• _Data shown_
- Opening Delimiter -
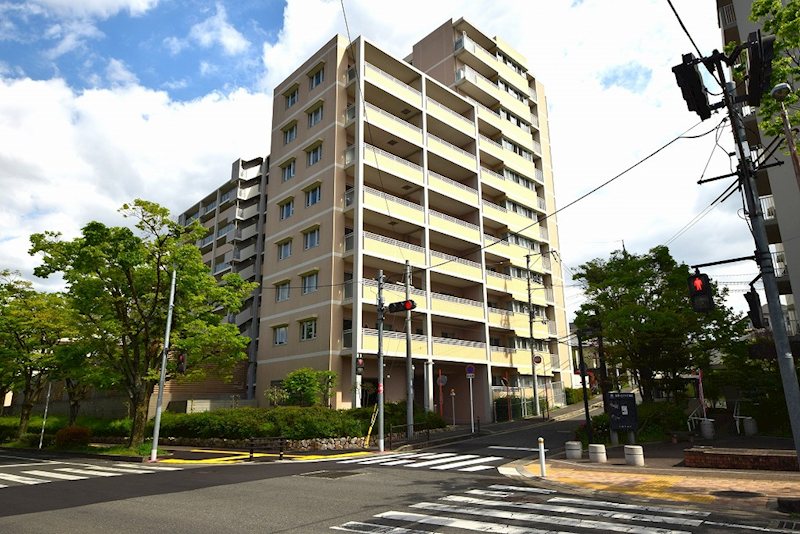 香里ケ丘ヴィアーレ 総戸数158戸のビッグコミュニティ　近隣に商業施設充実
- Closing Delimiter -
- Opening Delimiter -
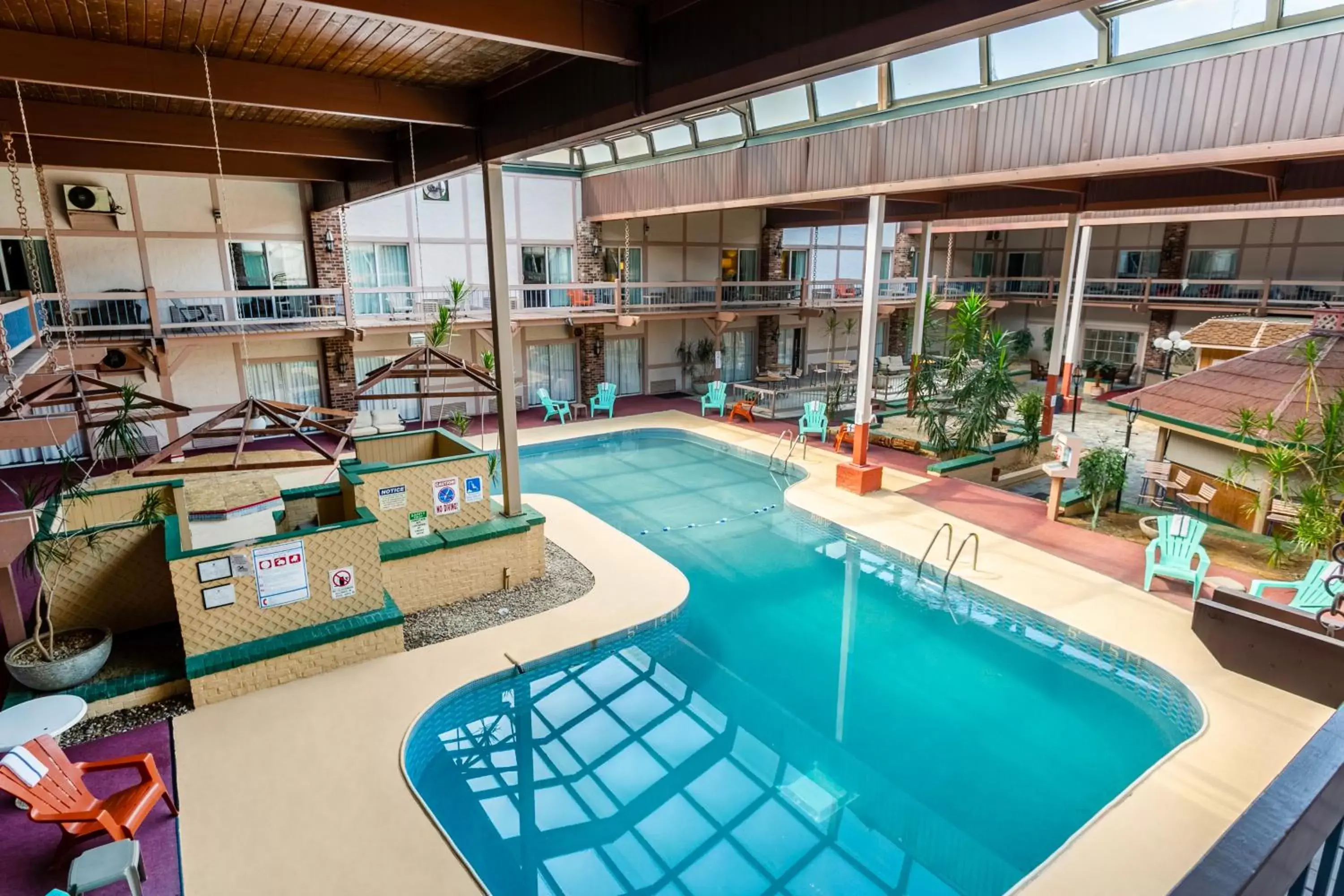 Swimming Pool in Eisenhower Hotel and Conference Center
- Closing Delimiter -
- Opening Delimiter -
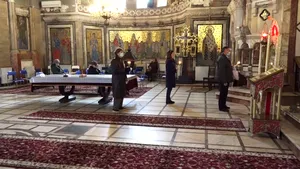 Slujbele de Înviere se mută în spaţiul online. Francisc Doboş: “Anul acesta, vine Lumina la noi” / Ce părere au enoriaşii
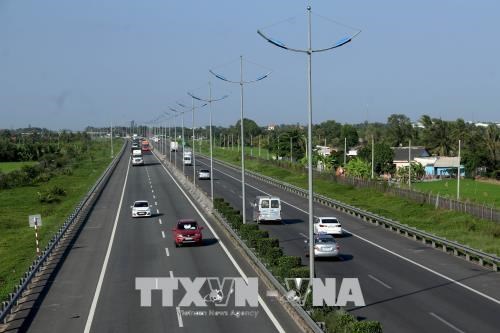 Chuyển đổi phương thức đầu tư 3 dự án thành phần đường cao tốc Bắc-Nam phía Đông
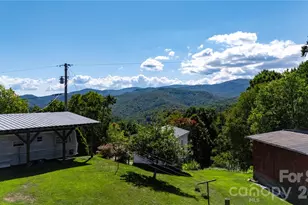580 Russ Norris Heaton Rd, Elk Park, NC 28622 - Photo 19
- Closing Delimiter -
• _What is required_
An exact copy is needed of the entries above, starting at the line that holds "Slujbele de Înviere" and stopping at the line that holds "580 Russ Norris", both kept; pictures stay out.

• _Problem solution_
 Slujbele de Înviere se mută în spaţiul online. Francisc Doboş: “Anul acesta, vine Lumina la noi” / Ce părere au enoriaşii
 Chuyển đổi phương thức đầu tư 3 dự án thành phần đường cao tốc Bắc-Nam phía Đông
580 Russ Norris Heaton Rd, Elk Park, NC 28622 - Photo 19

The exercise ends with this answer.